We started Sept 2021 and are so happy with our choice - what you said about the staff connecting with your child absolutely resonates. The feel at the school is of a happy and positive, nurturing environment. Both our girls have immediately settled in and keep asking to do more before and after school clubs because they love the teachers so much and feel safe and happy there. This is definitely a school with strong academic outcomes but it is done in a completely supportive and all-encompassing way (my DD's Christingle poem was delivered by the class by voice and in sign language to accommodate a boy in her class who signs). It is not the pushy academic environment as described above. Homework is completely reasonable for their age and in the younger years amounts to reading and one short and fun maths sheet per week. There's no swimming pool, but they use a variety of pools within a 5-15 min bus ride. There's also a sport's hall, performance hall, music dept, stunning art and DT rooms, high tech cookery room, SEN 'cottage', library and series of playgrounds and the girls love forest school in amongst the trees and hedgerows at the far end of the games fields. We were put off by the proximity of the A34 but it's really not an issue - no buildings open that way and there's a decent boundary and enormous leylandii that acts as a sound and view buffer. There are fewer boys than girls but all of the parents I know with boys there are really happy. The feel is definitely one of a co-ed school with plenty of clubs and sports for all interests. Boys get a lot of chance to play competitive sport when perhaps in an all boys school they wouldn't have made the team. Classes are also picked carefully to ensure that boys will have a good friendship group in their class and like-minded friends.
I really couldn't fault the school - its events are well thought out and run smoothly, its communication with parents is efficient and the before and after school provision is superb. Many of the parents are a double-working household, with lots in medicine, so this drives the need for flexibility. A few families I have met have moved kids from The Dragon for various reasons (we found, on looking round that it was too much a university feel for little ones - especially coming from a tiny school) and we were put off by horror stories of the Oxford traffic. St Andrews seemed fun and nurturing but very outdoorsy and like a big family/old fashioned/slightly worn at the edges prep school, Cranford had a hopelessly inefficient admissions team who are definitely prioritising boys at the moment to up the numbers, Cokethrope seemed a little sterile and was too far from us, Chandings is rife with rumours of funding problems but does look like a bucolic and lovely school.

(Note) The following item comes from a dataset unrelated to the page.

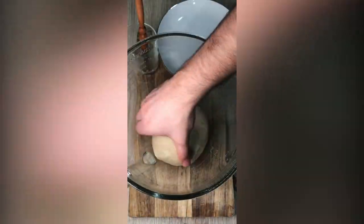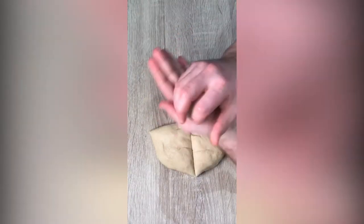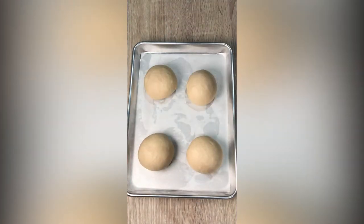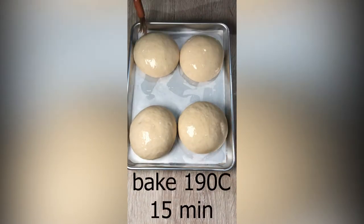Grease your bowl with some oil and let the dough double in size. Punch the dough and divide it into four even pieces. Shape them in your hands, grease with some oil, and place your buns on parchment paper. Cover with a towel, let them double in size, then bake for 15 minutes until golden brown.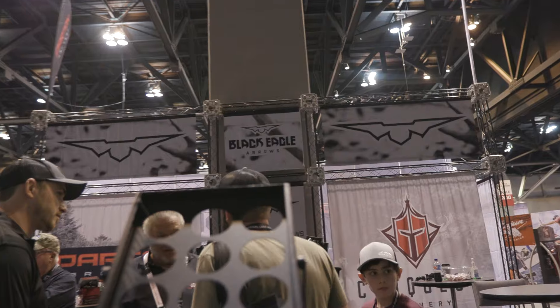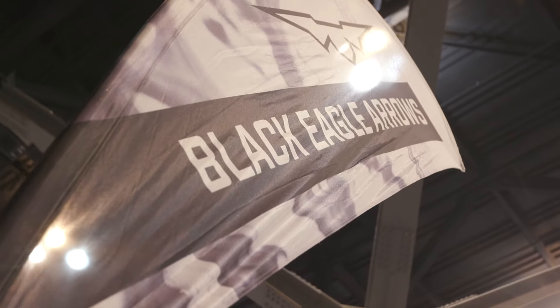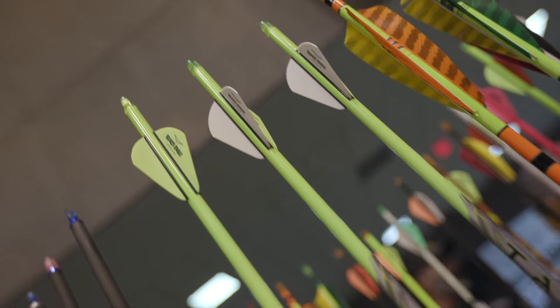Hey everybody, this is PJ Riley from Lancaster Archery here at ATA 2024. We are at the Black Eagle Darton Conquest booth with Randy Kitts. We've got a brand new arrow from Black Eagle, the Talon. Tell us about this thing.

AisforApple1 · 23/02/2022 21:56

Thanks gloxon for this really helpful in - depth review. We are considering The Manor for our 3 DDs, one of whom is transferring from a school she's totally besotted with in Cambridge, which is making me quite anxious, and this is all very reassuring. We want her to be in an environment where there's enough space for her to be herself and hopefully get some good results but not at the expense of her self-esteem.

gloxon · 27/02/2022 11:37

@AisforApple1- so glad my comments are of help. I certainly think you'll find that balance at the Manor. Best of luck with your move.